Nur noch wenige Sekunden bis zum Gong. Gefühlvoll hebt Don Wilson sein Bein, fächelt die Fäuste seines Herausforderers beiseite und drückt ihm den entscheidenden Schlag aufs Auge. Zum dritten Mal in der neunten Runde plumpst Ferdinand Mack auf die Bretter: acht, neun, aus der Traum von der Weltmeisterschaft.

Früher war der 29jährige Ferdi nur ein kleines Licht in der Welt des Boxsports. Bis er auf die Idee kam, es mit der komplizierten Kick-Box-Variante zu probieren. Und schon hagelte es Erfolge. Der Mannheimer Zusatz holte sich vier Welt- und Europameisterschaftstitel und wurde so zum erfolgreichsten Ganzkörper-Boxer der Nation. 5.000 Kampfsportfreunde in der Deutschlandhalle grummeln betreten oder applaudieren sportlich fair dem neuen Champion. Don Wilson ist Gewinner der Kick-Box-Weltmeisterschaft und nimmt jetzt als Profi 20.000 Mark mit nach Hause. Um Mißverständnisse auszuschließen: hierbei mußten keine eckigen Behälter durch die Halle getreten werden, es handelte sich vielmehr um eine Mischung aus Karate, KungFu und dem traditionellen Boxen.

Bevor aber Wilson und Mack als Höhepunkt des Abends den Ring betraten, gab es noch einiges andere zu bestaunen bei dieser laut Manager Mike Anderson bis jetzt „hochklassigsten“ Kick-Box-Veranstaltung in Europa. Zuerst mußten die Ewig-Zuspätgekommenen zu ihren Stühlen stolpern, denn schlagartig verlosch das Licht in der Deutschlandhalle, und ebenso schlagartig drang das „Auge des Tigers“ aus einem der prädikatierten „Rocky„-Streifen schutzlos ins Ohr, dicht gefolgt von Jan Hammers „Miami Vice„-Titelmelodiefetzer.

Dankbarer Jubel und erwartungsfrohes Gejohle begleiteten diese erste Stimulanz, und als das Licht wieder anging, war auch in den aus Hugo-Boss-Anzügen herausragenden solarienbraunen Gesichtern, die die ersten Reihen bevölkerten, zufriedenes Lächeln zu sehen. Bei den stehend hingenommenen Nationalhymnen nach der Vorstellung der Teams aus den USA und der Bundesrepublik zeigten die schwarzbestrumpft und in Rockresten erschienenen Damen erstaunliche Körperbeherrschung und leisteten sich nur wenige Wackler auf den zerbrechlich wirkenden Absätzen ihres Schuhwerks.
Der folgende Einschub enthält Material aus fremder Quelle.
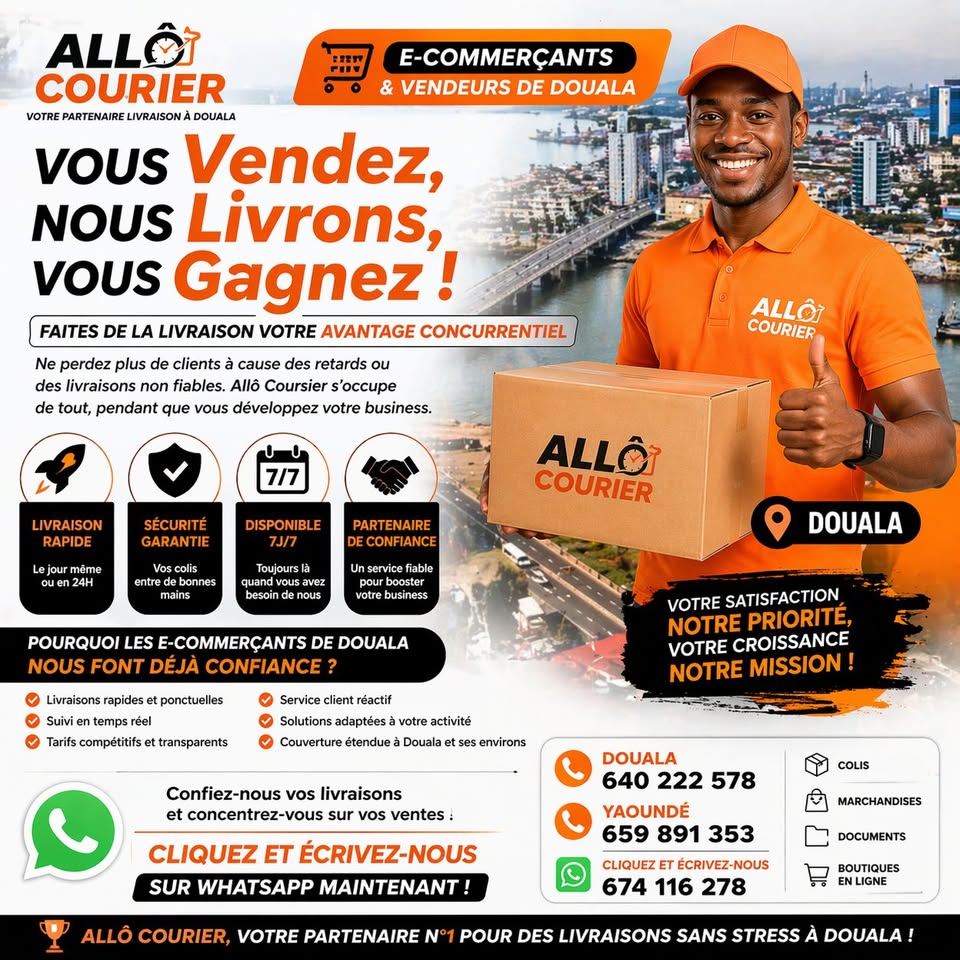 Allô Coursier- speed and easy services Facebook ad: Douala Obosso!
Die Sportler der Vorkämpfe gingen da auf Numme sicher und traten barfuß an. Zum Schutz vor Tritten und Schlägen waren sie dafür an Kopf, Händen und Füßen mit speziellen Polsterungen bekleidet sowie zum besonderen Schutz des Lebens mit einer Plastikkappe am Unterleib versehen.
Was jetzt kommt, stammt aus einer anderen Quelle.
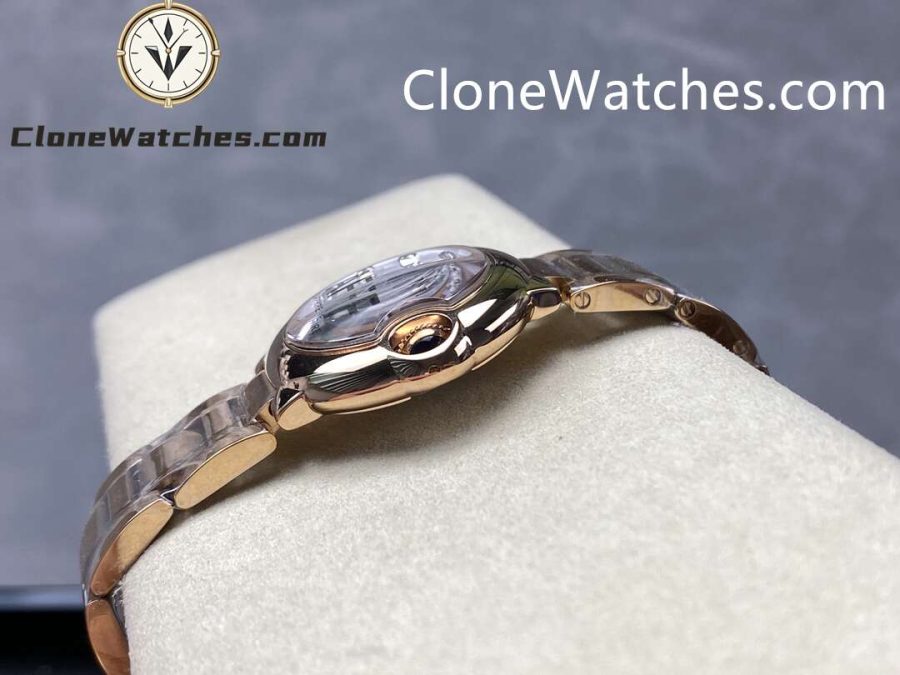 Cartier Super Clone Watches 1:1 Ballon Bleu de Rose Gold WJBB0016 Silver Dial 28mm - Image 4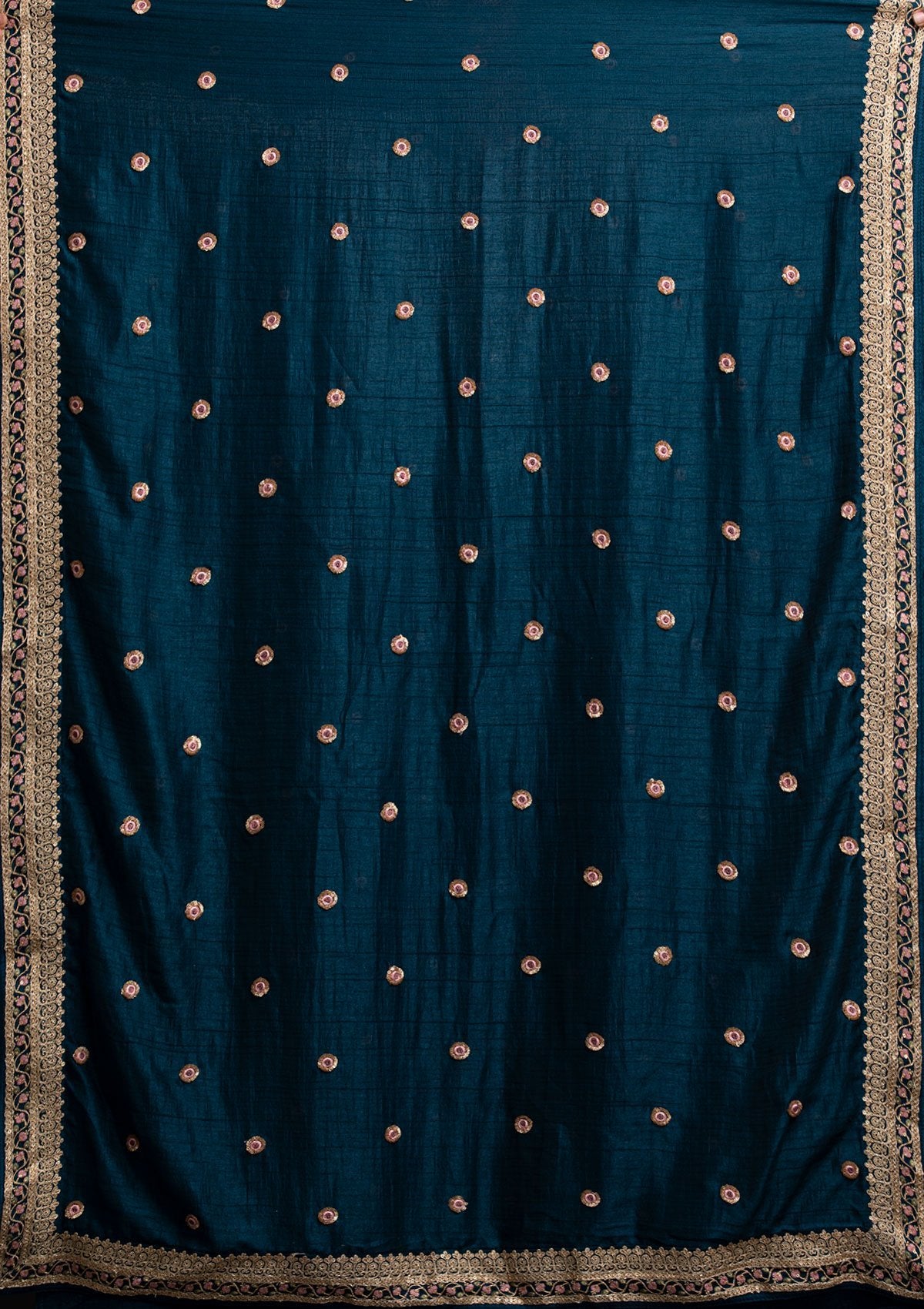 Peacock Blue Mirrorwork Raw Silk Designer Gown - koskii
Dem Mannheimer Ralf Kunzler nützte das alles wenig. In einer unübersichtlichen Situation gelangte der Zeigezeh seines Widersachers John Longstreet unglücklich in Kunzlers linke Atemöffnung. Beim anschließenden Trennungsversuch wurde die Nase fast, der Kampf ganz abgebrochen.

Ebenfalls eine Niederlage mußten die Deutschen im Schwergewicht hinnehmen. Zunächst begnügten sich die beiden Dicken damit, dem anderen dauernd ein Bein zu stellen, in den letzten Runden besann sich der Amerikaner Jerry Rhome dann darauf, die Hartnäckigkeit des Bayern Osterrieder im Einstecken von Schlägen zu testen. Nicht boxen durfte hingegen der schöne Mario Dimitroff aus dem Team Rene Weller, da sein Gegner verletzt war. Zur Ehrenrettung trugen schließlich zwei Berliner bei. Klemens Willner und Michael Kuhr hatten es mit den als garstigen Giftzwergen beleumundeten Dorsey-Brüdern aus Texas zu tun, ließen sich davon aber nicht beeindrucken und siegten klar nach Punkten.
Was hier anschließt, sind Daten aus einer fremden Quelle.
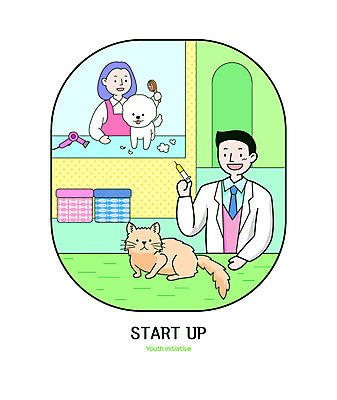 한마리 여자 남자 일러스트 주사기 미소 사람 상반신 성인 두명 반려동물 고양이 머리빗 강아지 드라이어 창업 동물병원 수의사 반려 애견미용 애견미용사 국내일러스트 AI파일 동물 1 포유류 의료기기 표정 병원 뷰티 의사 미용용품 개 미용사 자영업 파일형식 벡터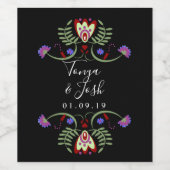 Mexicaanse Folk Bloemen Bruiloft | Vette mini hart Wijn Etiket (Enkel label)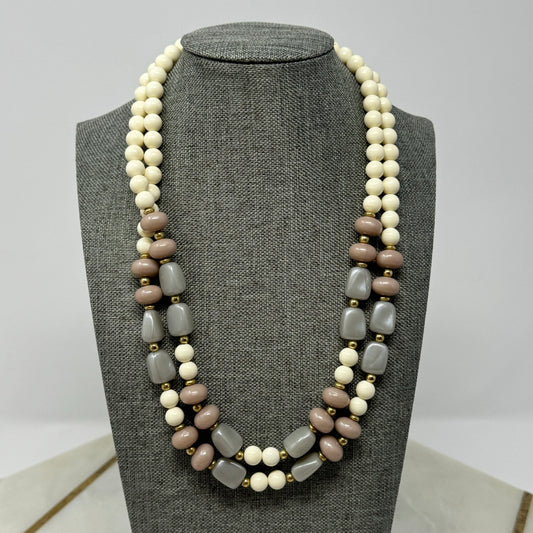 Womens Necklace Boho Statement Double Beaded Strands 18 in Costume Jewelry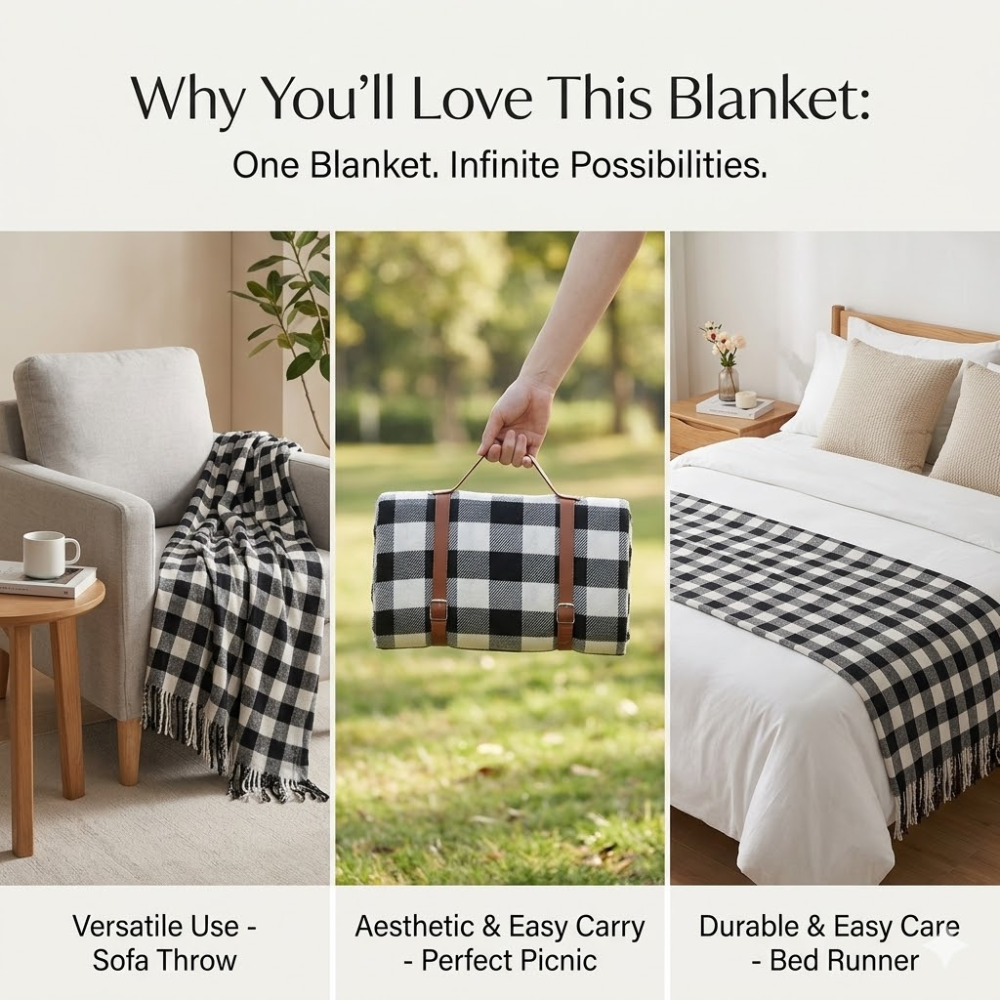 Ternet picnicplaid i mikrofiber – 130 × 180 cm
Zwischen den Kämpfen füllten eindrucksvolle Demonstrationen in Karate die Pausen. Eisblöcke zerbröselten unter der Wucht eines Schädels, per Schienbein wurde ein Baseballschläger zerteilt - ein Szene-Kenner behauptete, eine Steigerung sei nur noch möglich, wenn eine Thekenplatte mit dem Kopf gespalten würde -, und Formenweltmeister Jean Frennette zeigte, wie man mit einem Besenstiel einen Gegner erschreckt, echt karatesk.